» **ASSIGNED TASK**
From the listing below, output the lines between the one with "Snapshot of braboy4" and the one with "Woman's lace shift dress", including those two, and nothing else. Pictures are not copied.

» **MATERIALS PROVIDED**
● ● ●

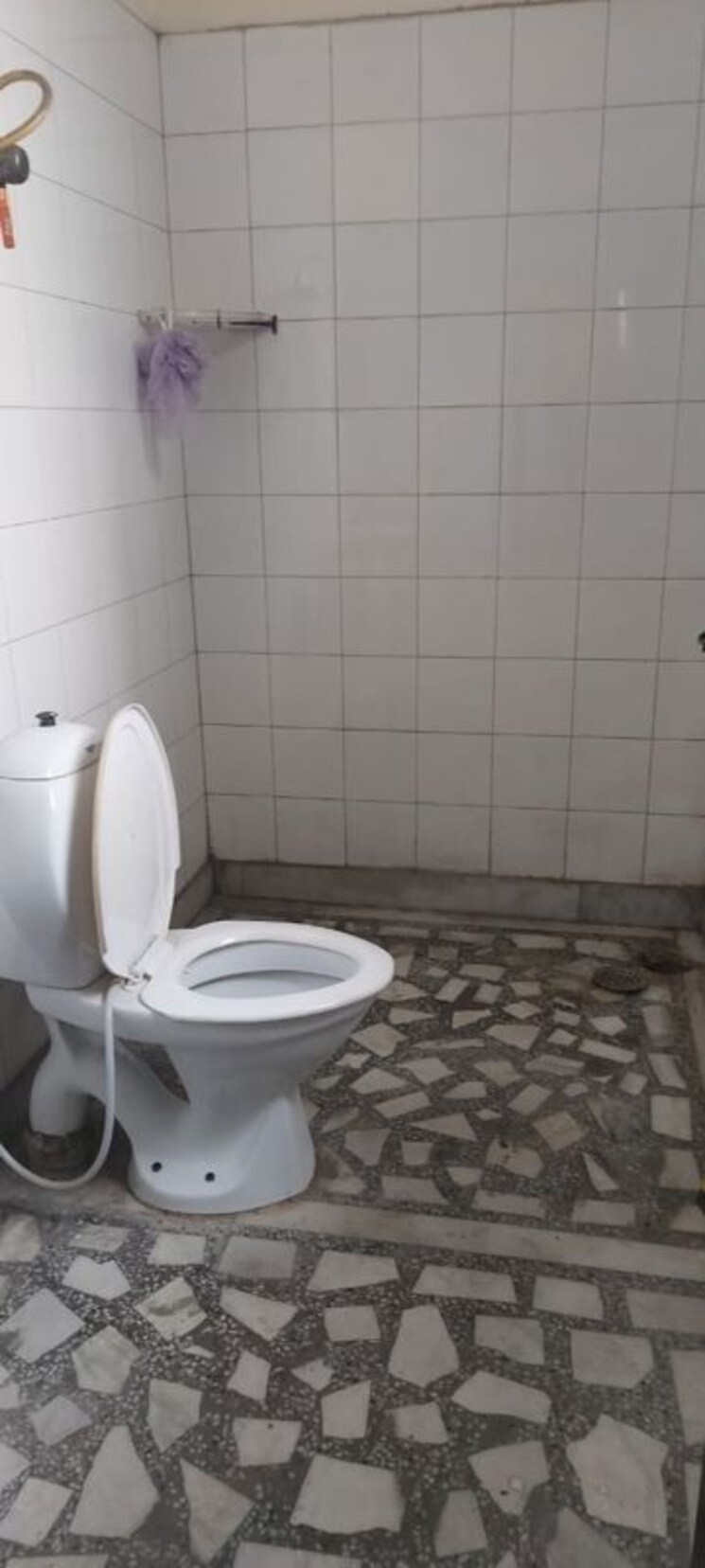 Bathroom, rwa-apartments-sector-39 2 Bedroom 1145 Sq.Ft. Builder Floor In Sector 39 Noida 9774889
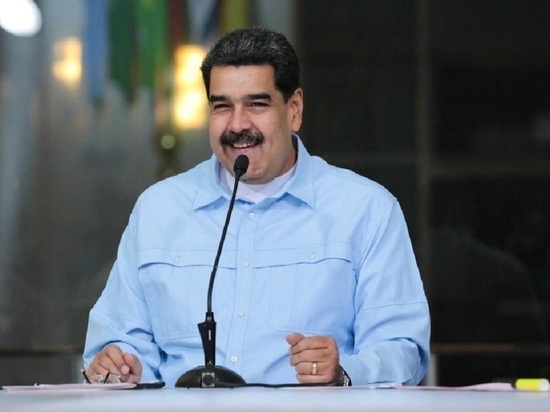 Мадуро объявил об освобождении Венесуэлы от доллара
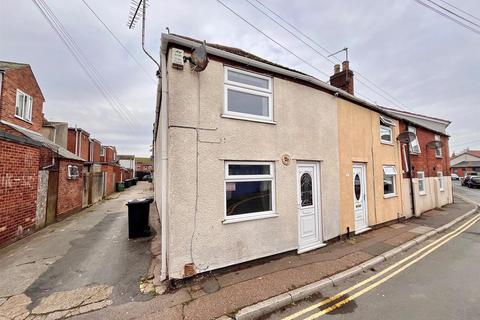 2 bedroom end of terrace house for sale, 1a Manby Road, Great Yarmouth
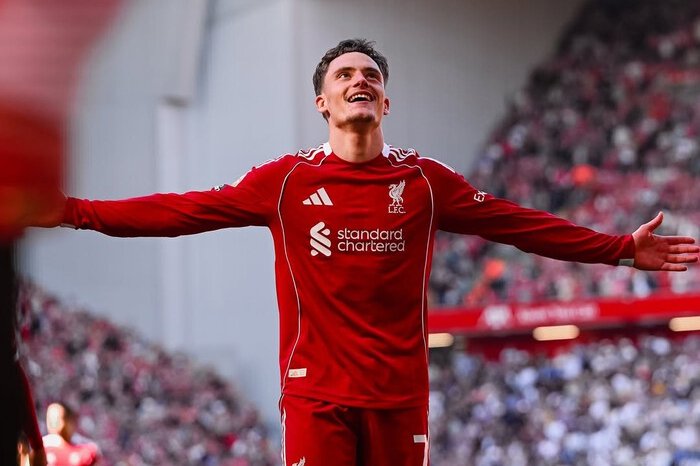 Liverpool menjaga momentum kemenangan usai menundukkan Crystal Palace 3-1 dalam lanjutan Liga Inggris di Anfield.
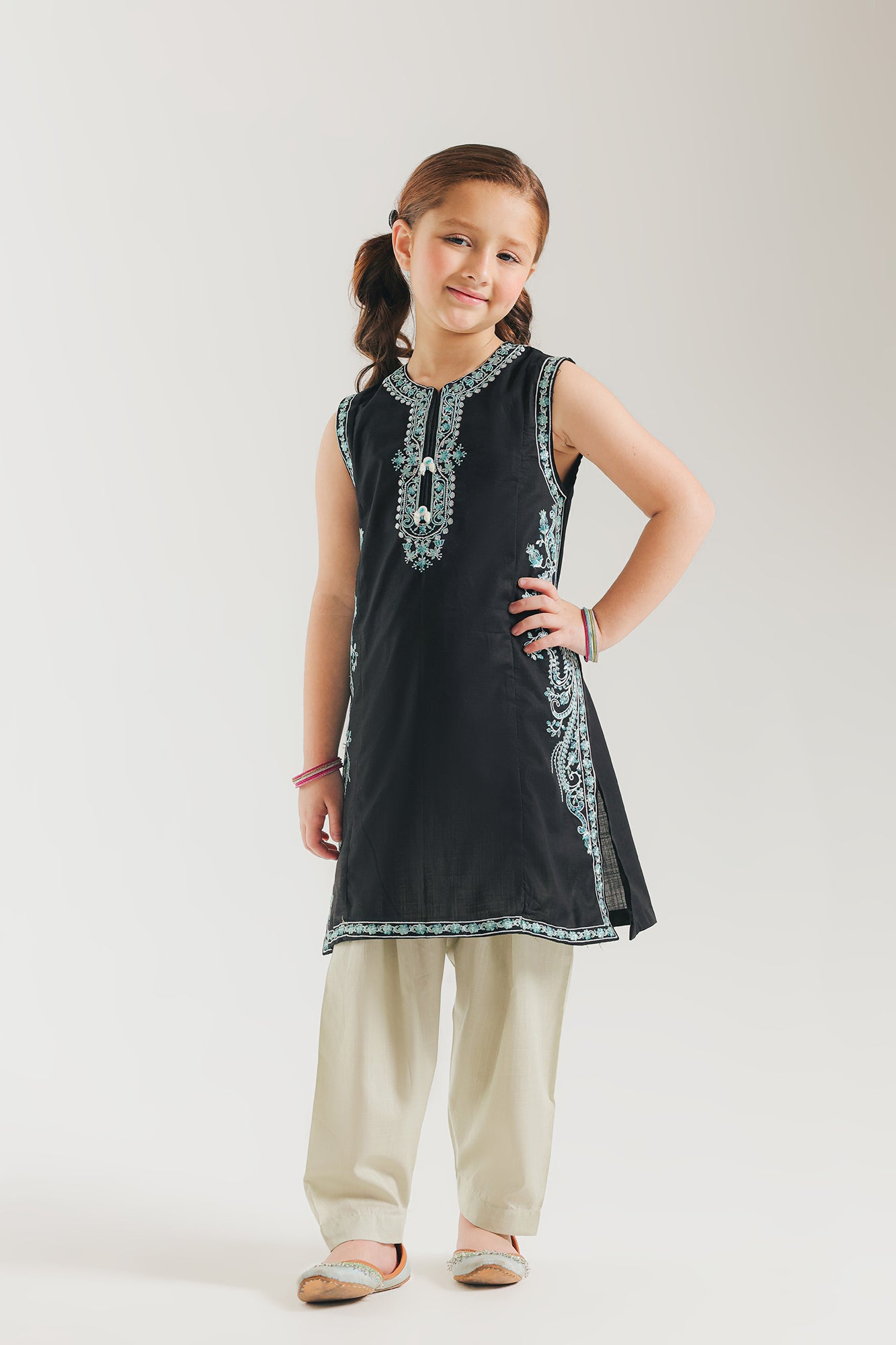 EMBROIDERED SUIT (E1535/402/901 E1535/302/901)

● ● ●

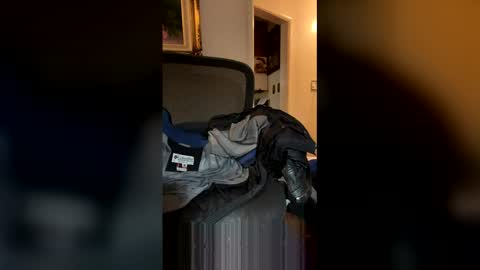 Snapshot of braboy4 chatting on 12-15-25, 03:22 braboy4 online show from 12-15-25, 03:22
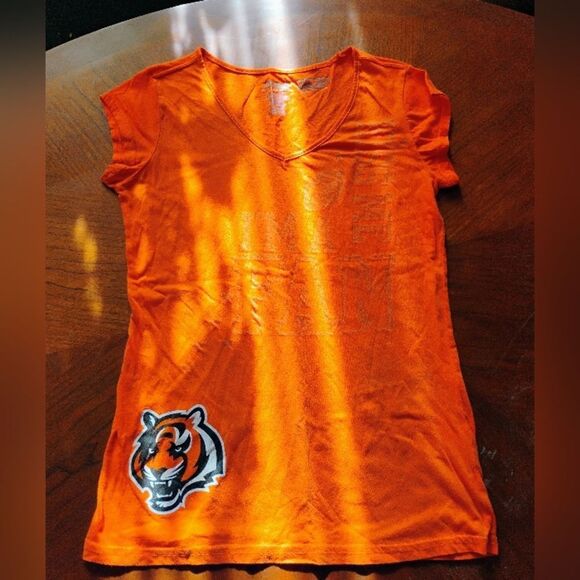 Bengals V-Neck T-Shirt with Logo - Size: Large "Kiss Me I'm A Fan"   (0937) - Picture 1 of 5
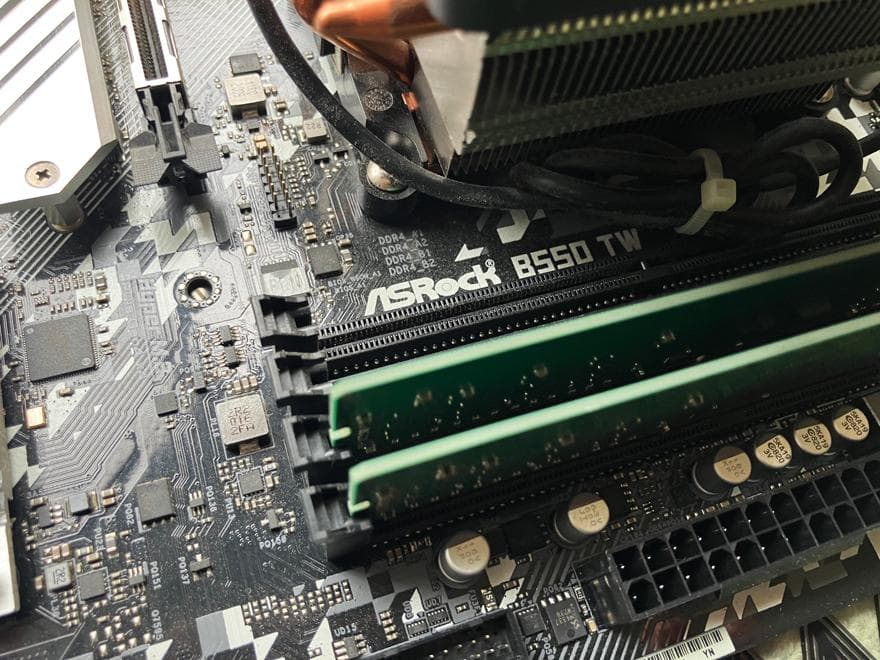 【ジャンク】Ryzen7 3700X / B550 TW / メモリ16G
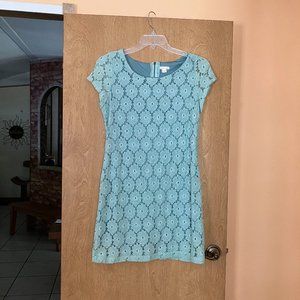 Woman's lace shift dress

● ● ●

» **TASK OUTPUT**
 Snapshot of braboy4 chatting on 12-15-25, 03:22 braboy4 online show from 12-15-25, 03:22
 Bengals V-Neck T-Shirt with Logo - Size: Large "Kiss Me I'm A Fan"   (0937) - Picture 1 of 5
 【ジャンク】Ryzen7 3700X / B550 TW / メモリ16G
 Woman's lace shift dress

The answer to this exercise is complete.